Start of Excerpted data

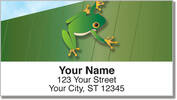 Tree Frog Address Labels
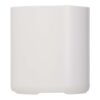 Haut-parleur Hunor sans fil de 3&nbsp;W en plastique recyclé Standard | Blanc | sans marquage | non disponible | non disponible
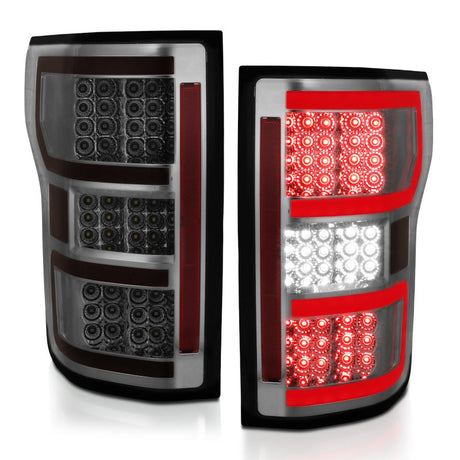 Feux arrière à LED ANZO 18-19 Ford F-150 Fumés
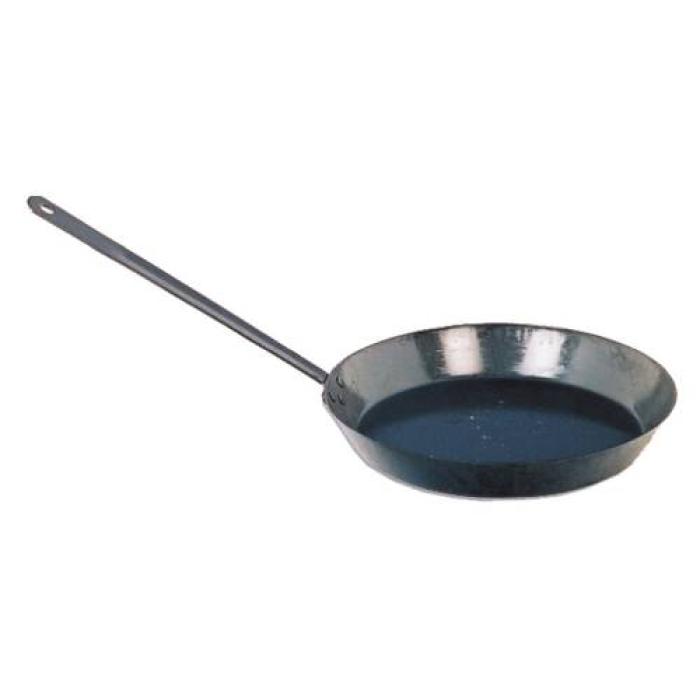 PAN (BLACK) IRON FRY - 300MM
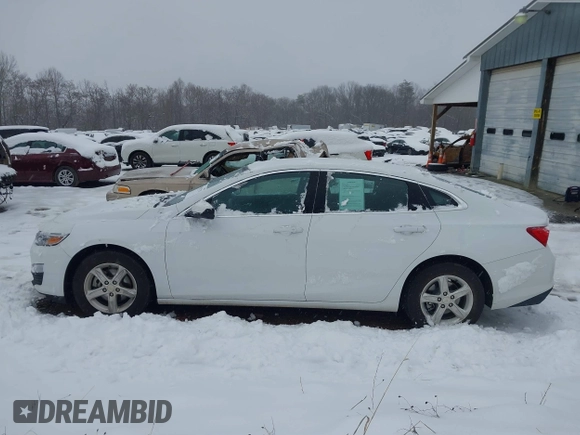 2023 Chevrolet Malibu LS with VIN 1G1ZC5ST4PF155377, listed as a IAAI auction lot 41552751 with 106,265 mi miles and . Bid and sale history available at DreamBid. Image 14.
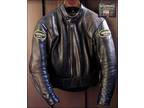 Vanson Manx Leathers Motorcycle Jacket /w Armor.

End of Excerpted data

Work instruction
Write the full listing out again with every line unchanged, but include no pictures.

Response to the exercise
 Tree Frog Address Labels
 Haut-parleur Hunor sans fil de 3&nbsp;W en plastique recyclé Standard | Blanc | sans marquage | non disponible | non disponible
 Feux arrière à LED ANZO 18-19 Ford F-150 Fumés
 PAN (BLACK) IRON FRY - 300MM
 2023 Chevrolet Malibu LS with VIN 1G1ZC5ST4PF155377, listed as a IAAI auction lot 41552751 with 106,265 mi miles and . Bid and sale history available at DreamBid. Image 14.
 Vanson Manx Leathers Motorcycle Jacket /w Armor.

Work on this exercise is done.